Sunday, December 20

Sometimes i feel sorry for myself.

dont you ever wish that you were just born in another family
or that you had no family at all and that you were adopted
or that you lived ina children's home like tracy beaker?

i knw its sad, but you cant believe how many times i wish, or even prayed for that to happen or even be true.

i'm not going to vomit my personal life affairs online as it would be disrespectful to my family.. i knw. but sometimes you just need someone to talk to, some to understand, not even, just to listen to you. sometimes its hard to just carry on doing what you we doing without stopping and thinking.
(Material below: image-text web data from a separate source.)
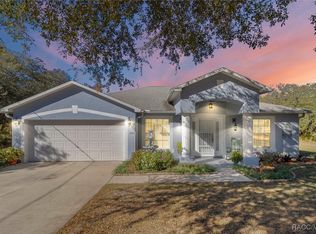 1923 W McNeal Dr, Citrus Springs, FL 34434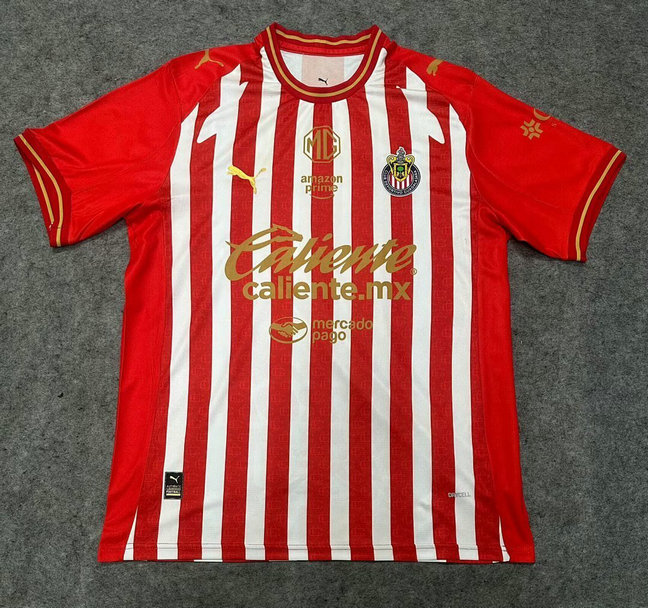 Maillot-Chivas-Guadalajara-CD-2026-2027-domicile-1.jpg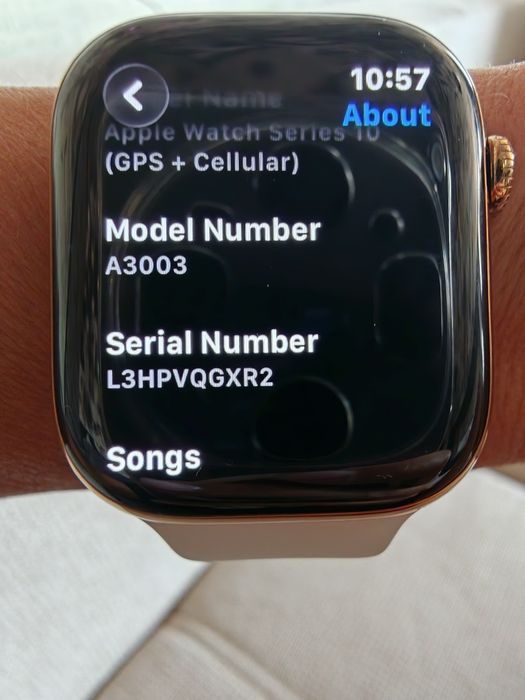 Apple Watch Series 10 (GPS + Cellular), 46mm, Sapphire crystal, Gold Titanium – Перфектен!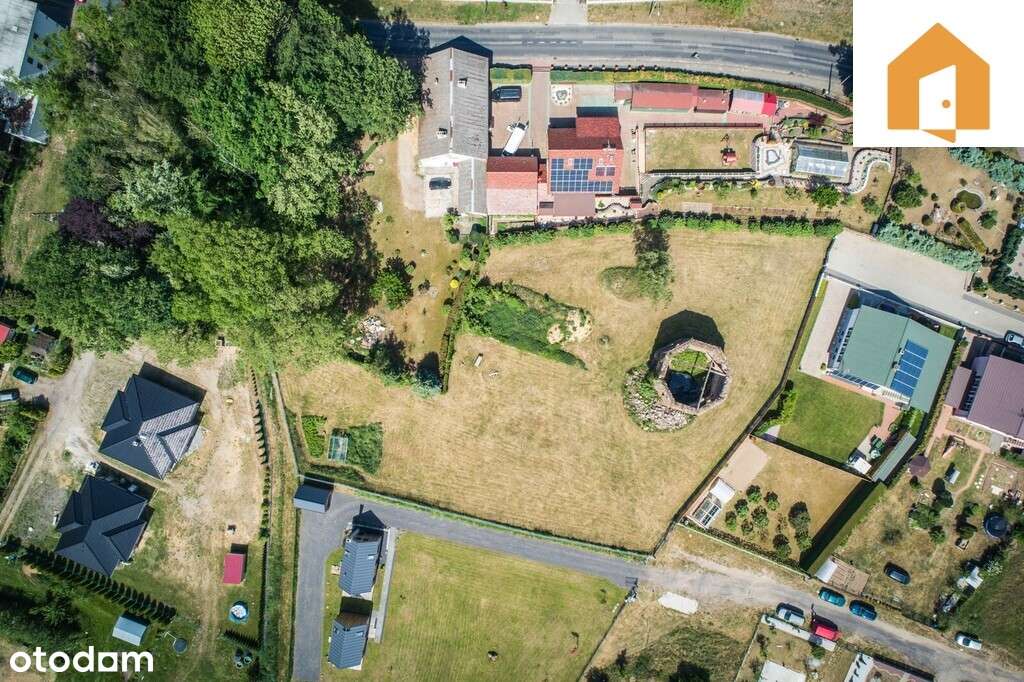 Duża działka z zabytkowym wiatrakiem z XIX w.-3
ive been in a middle of an abusive relationship fo 19 years on my life. i say in the middle because i'm just a sort of spectator,devider, i'm always present but my actiona count to nothing, in both parts. yes my parents are african, its common, i'm not acting the victim here, but even though its common for africans to argue a ;lot, its not common for a couple now ogether for 20 years to fight near and sometimes to physical contact every single day, holidays included, especially on days such as christmas days, easter, family outings and when visitors are around. its not common for a woman to disrespect her husband, talk , talk, talk even when her husband has threatened her multiple times . its not normal for a man to break all glass furniture including mirrors, phorframes, mugs, cups and tables ( yes, tables, plural).

i dont know how much more of it i can take.
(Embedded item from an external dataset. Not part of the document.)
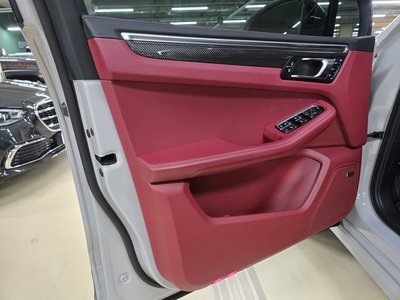 2022 Porsche MACAN — миниатюра 14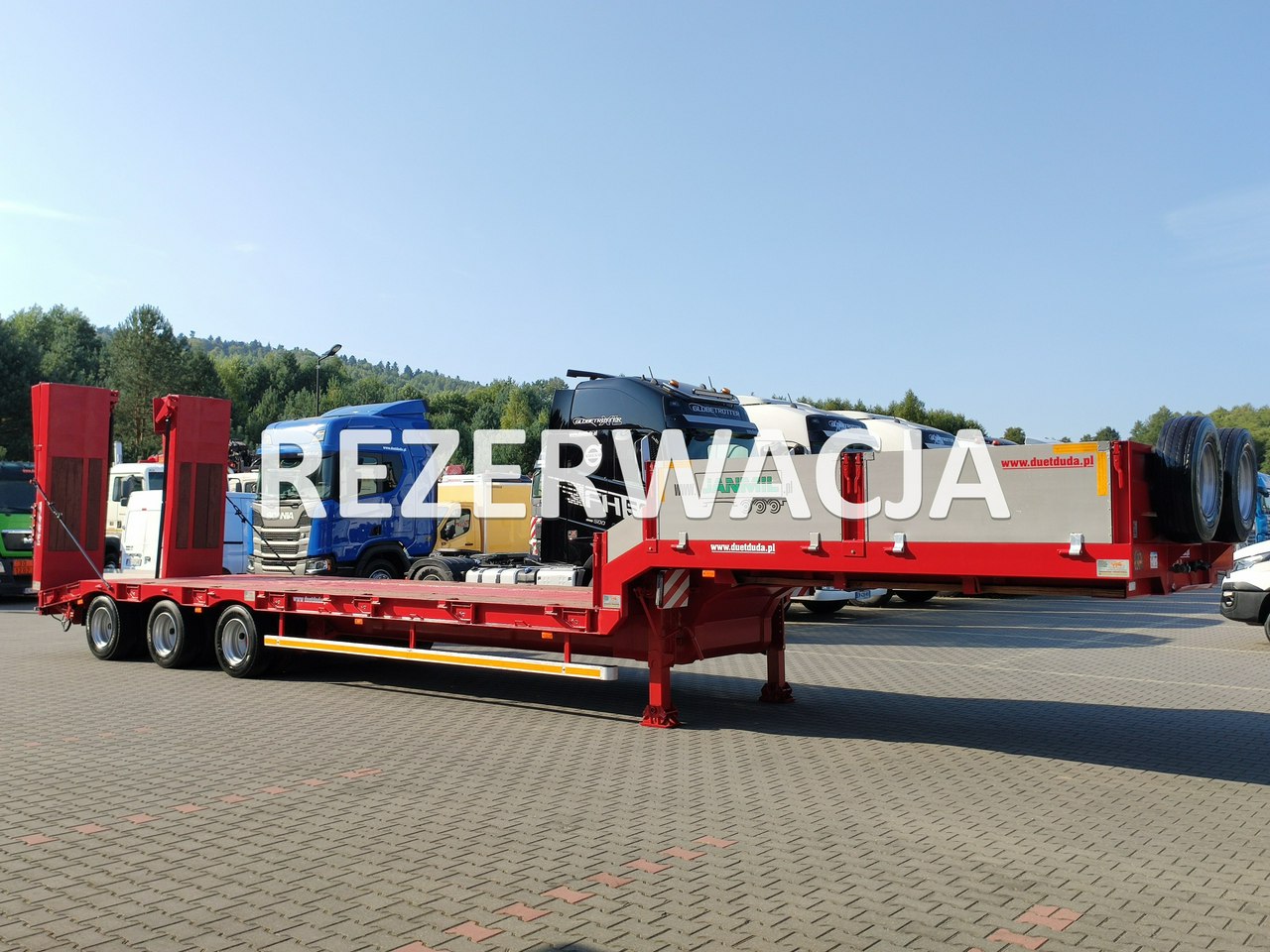 niskopodwoziowa Bodex JANMIL Burtówka Laweta Niskopodłogowa Podczołgówka 3-Osie Oś-podnoszona Najazdy Hydrauliczne Poszerzana Komplet Burt Burtowa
its ok when i'm in nottingham, i miss having my amily around.

now i'm here i just want to disappear.

i cant wait to go back to nottingham and not come back until its necessary.

i just pity my sister and my brothers who still have many years of this ahead of them... at least they had each other ... i had no one.
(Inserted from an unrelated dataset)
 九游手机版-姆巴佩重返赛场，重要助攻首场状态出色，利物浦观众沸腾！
sometimes i feel sorry for myself.

Tuesday, December 15

using the charger too keep my heart from freezing

procastinating as usual...lol, i need to start doing work and i assure you i will... just as soon as i finish this post :P

i have decided i wont be going on an april field trip to either cube nor japan as they r very expensive and i dont have the money readily available with me, instead i decided to focus totally on my universitas 21 application to National University of Singapore.. i hope i get in, i really wanna go there now, even if its really daunting... 6 months in a differnt country and continent, plus apparently its really hard down there, but still i just really wanna experience it!

so for this summer i have 3 option ( for now) 1 is it get a work placemnet with a architect here in london ...2 to save money and go to Nigeria and stay there for a bit ... 3 to go to italy , strangely the latest which would have been my favourite option just a few months ago is now my least favourite, i dont think italy has much more to offer than it already has done, i'm not sure what i would do if i go there... i mean yh its fun but its not meaningful.

somethign else i'd like to do this summer would be go to volunteer in africa or go camping all summer maybe in the uk but like all the way through the summer. i just wish anyone would like to do that with me, its cheap, its fun, its safe, i mean like a month circulating the national parks like 1 week in peak district, 1 in lake district, 1 in yorkshire dales, 1 in black mountains,1 in i dunno i would just love it!!!!!!!

i fell like i need some excitement in my life really !!!